With a 6 percent cap rate and accounting for more than 55 percent of the supply for the overall net lease medical sector, dialysis-related properties are clearly the most attractive to investors. Newly constructed properties, and those with at least 11 years of remaining lease term, were even lower with asking cap rates of 5.85 percent, compared to 6.47 percent for all medical properties.

The sector is dominated by properties leased to Fresenius Medical Care and DaVita Kidney Care, two well-established, high-credit operators in the space. A Hammond, Indiana DaVita dialysis center sold in an all-cash transaction last month for $2.2 million. In a separate transaction, a DaVita-tenanted property in South Holland, Illinois sold for $3.7 million and a cap rate of 6.03 percent.

According to Blankstein, net lease medical properties typically provide rental escalations throughout the term of their lease, providing investors with an inflationary hedge and a balance to rising interest rates.
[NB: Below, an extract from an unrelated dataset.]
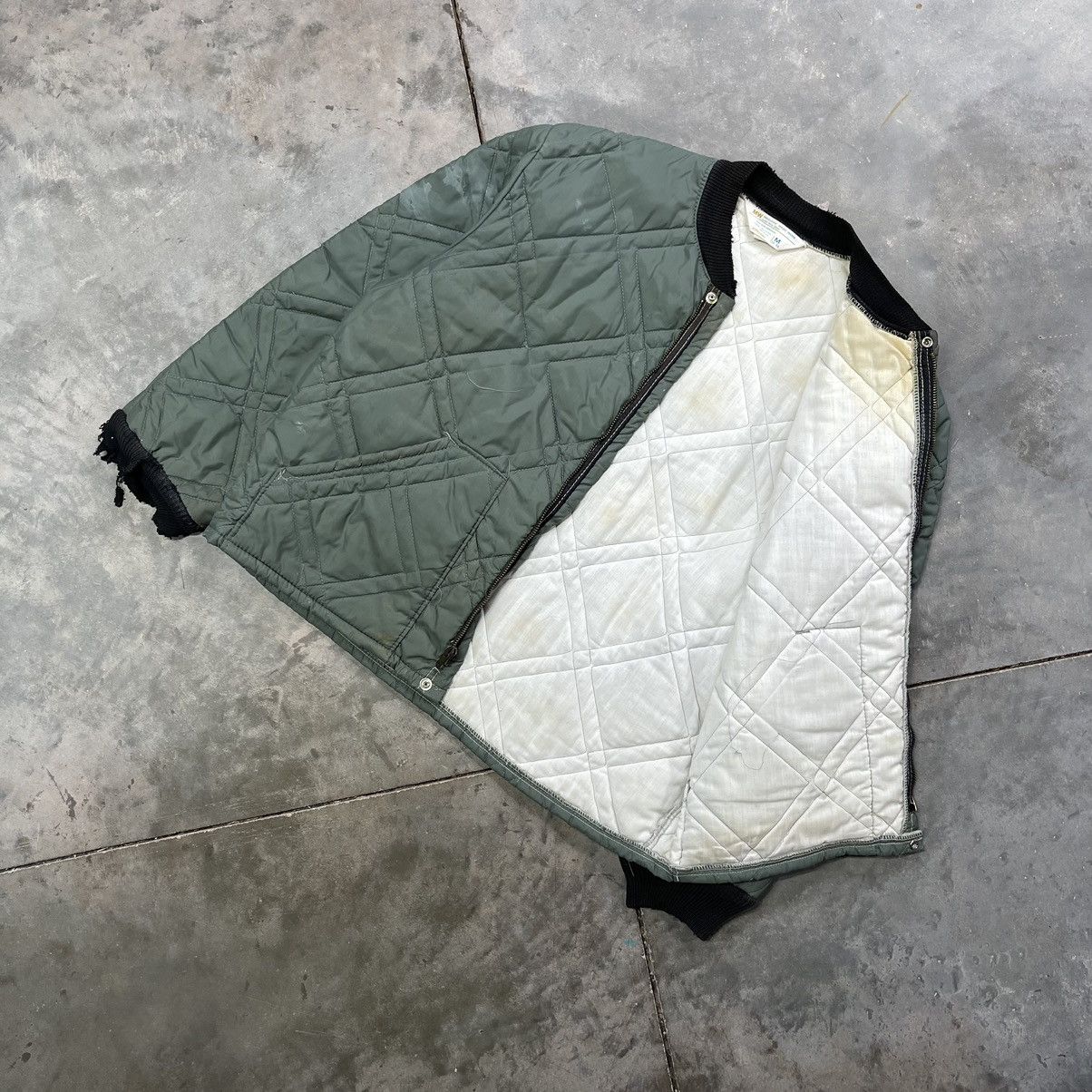 JCPenney × Vintage Vintage JC Penney Quilted Liner Jacket Thrashed 70s Size US M / EU 48-50 / 2 - 5 Thumbnail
Additional long-term factors that make medtail properties appealing include the general marketability and attractiveness of properties that are located within a retail corridor.

“The increasing popularity, demonstrated by sales volume and cap rate movement, is due to a variety of immediate and long-term factors,” said Blankstein. “The medical sector, and the specialized services it provides, is widely seen as e-commerce resistant.”
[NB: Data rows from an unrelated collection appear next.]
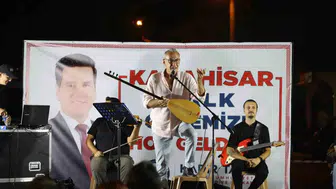 Karahisar'da müzik rüzgarı: Tavaslılar unutulmaz bir akşamda buluştu
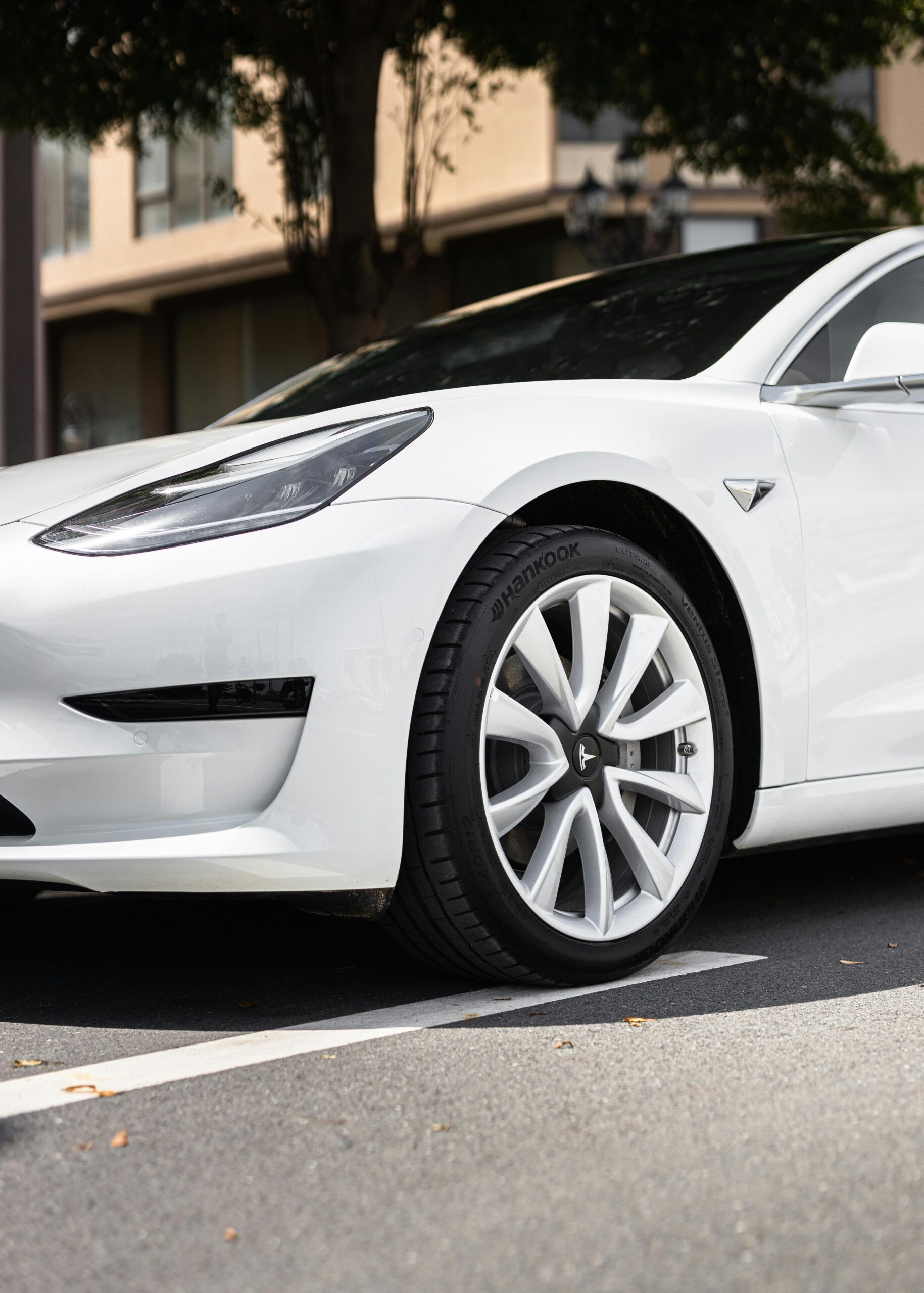 tesla huolto jyväskylä, motest oy, autohuolto, autokorjaamo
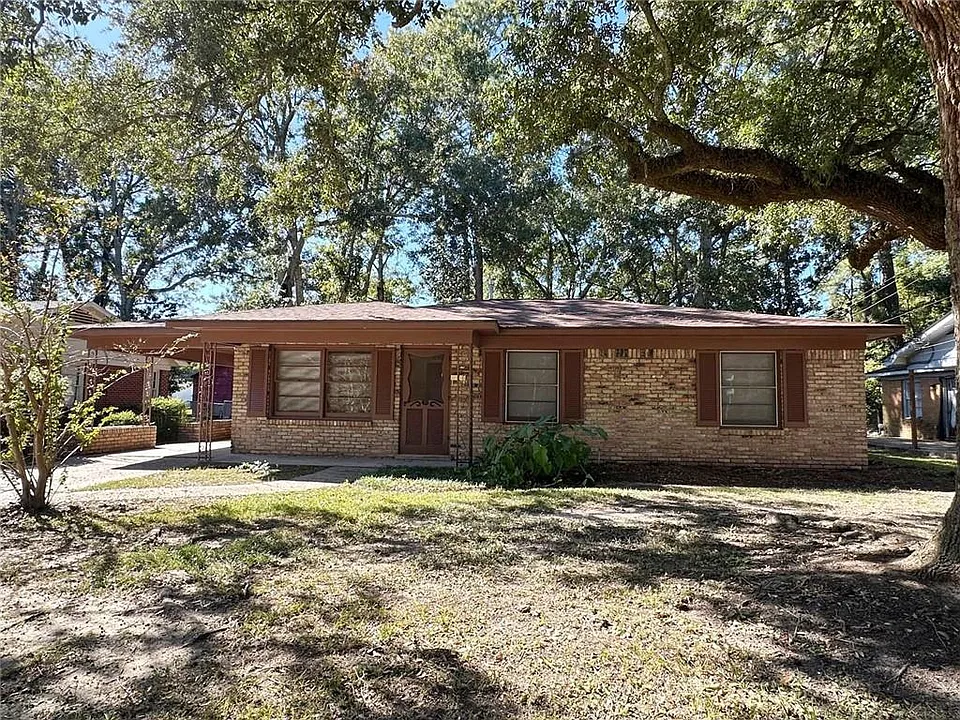 950 Emelda Dr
As popular as this sector has become, not all offerings have the same appeal. In the third quarter of 2018, 75 percent of the medical sector consisted of non-investment-grade tenants. Further, there are a considerable number of properties in secondary and tertiary markets. And, as demonstrated by asking cap rates, there is considerable disparity among the varying categories of net lease medical properties with dialysis properties having the lowest at 6 percent and urgent care facilities witnessing the highest cap rate at 7.3 percent.

In looking ahead, through the balance of 2018 and into 2019, Blankstein predicts that the single-tenant net lease medical sector will remain active as the long-term outlook for healthcare-related properties attracts investors.
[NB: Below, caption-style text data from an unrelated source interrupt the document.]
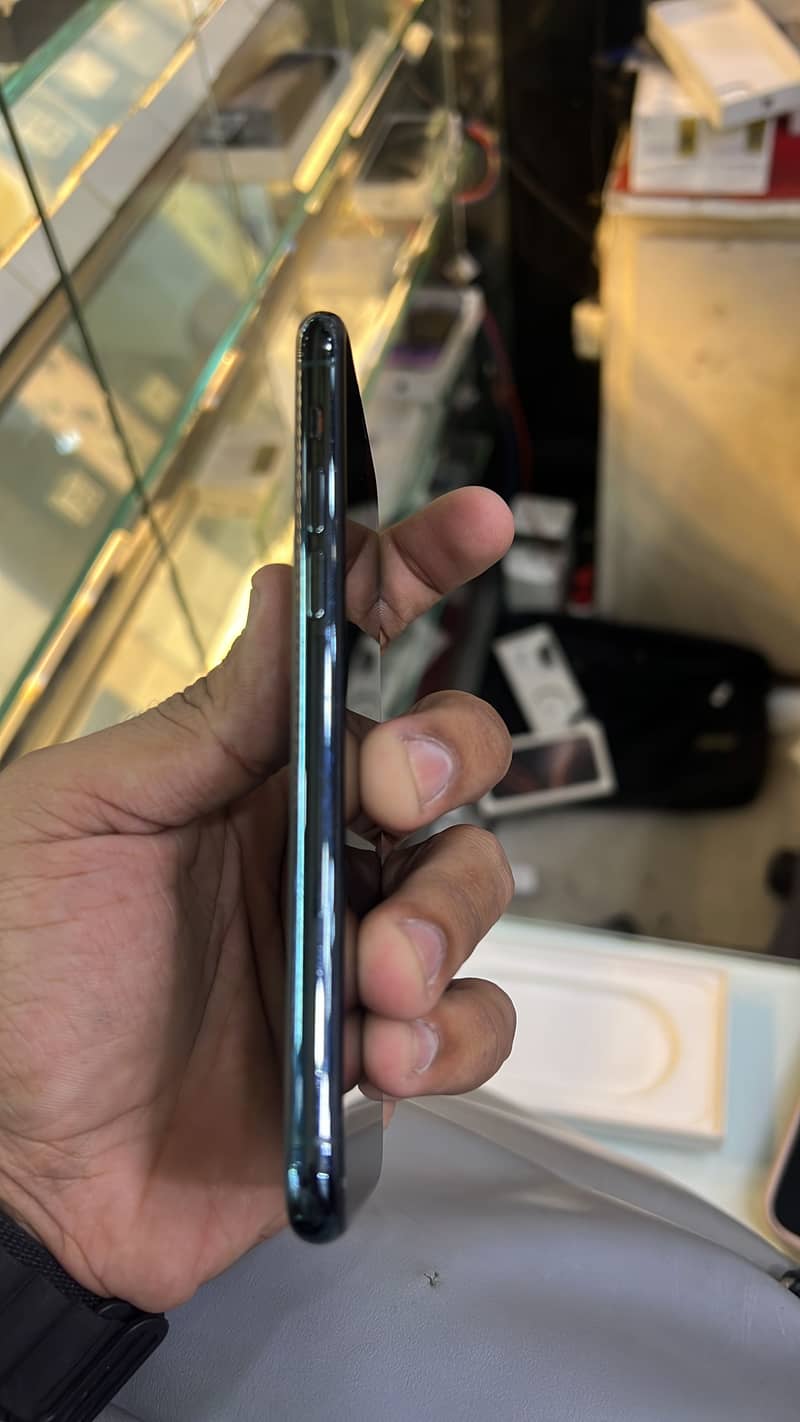 Apple iPhone 11 Pro 3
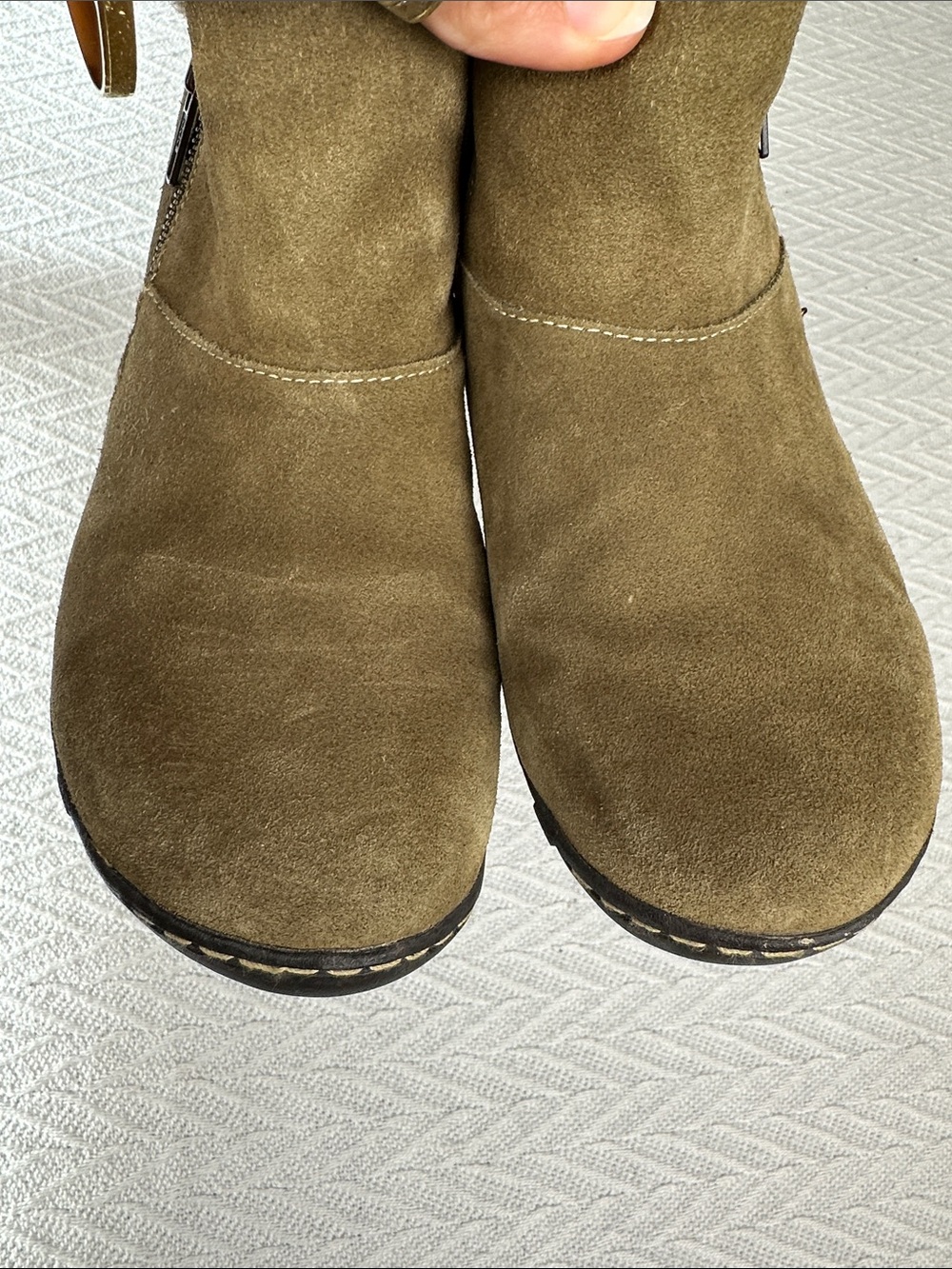 Hush Puppies Suede Waterproof Ankle Boots with faux Sherpa trim olive outdoors - Picture 11 of 12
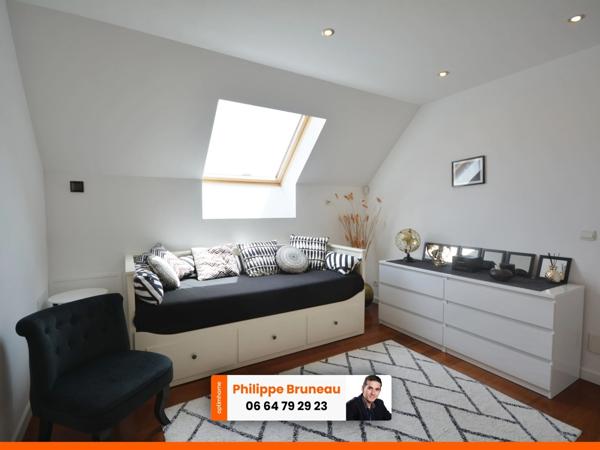 Évasion de Rêve : Maison de Standing avec sa piscine dans la Belle Zone Pavillonnaire de Freneuse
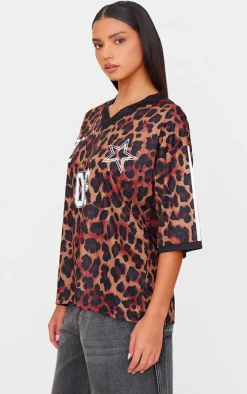 PrettyLittleThing T-Shirts*Leopard Print Football Jersey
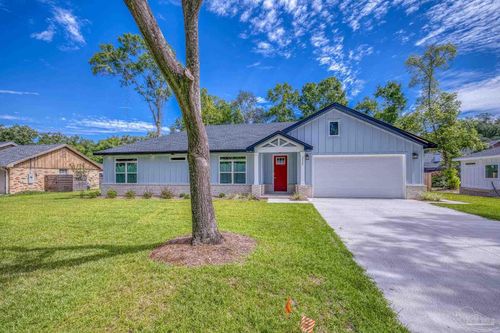 3660 Brookshire Dr, Pensacola, FL, 32504-4422 | Card Image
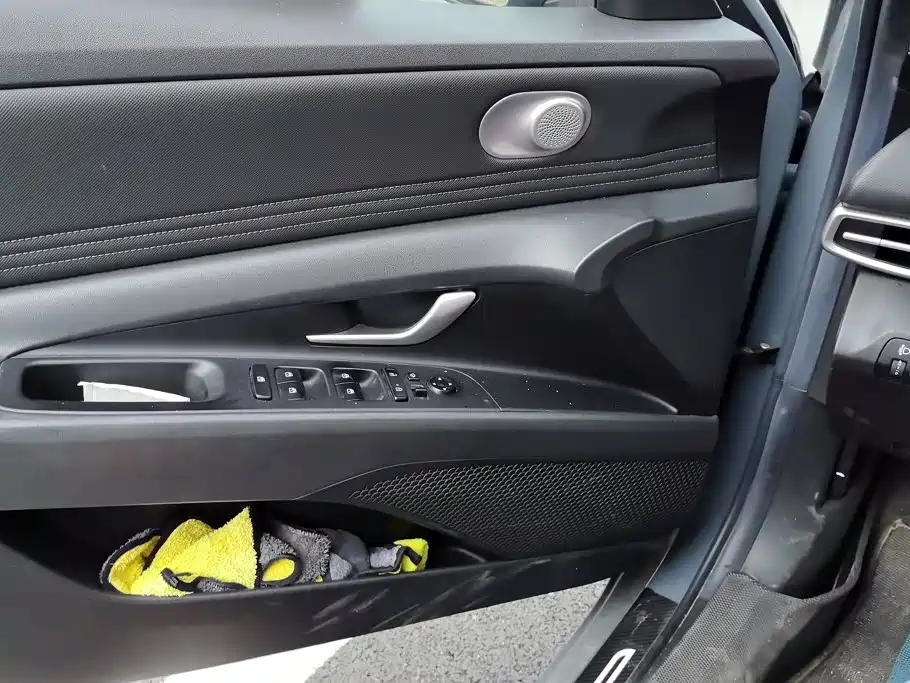 Hyundai Elantra 2021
“Resistance to e-commerce and the country’s aging demographic will keep investor demand strong in the net lease sector,” Blankstein said. “Investors across all profile types will continue to acquire single-tenant medical properties as cap rates remain attractive when compared to the overall net lease sector.”

Around the country, the Midwest’s median asking cap rate of 6.5 percent lags only the Northeast’s 6.6 percent. The South had a net lease medical property median asking cap rate of 6 percent in the third quarter while in the West, asking cap rates averaged 5.5 percent.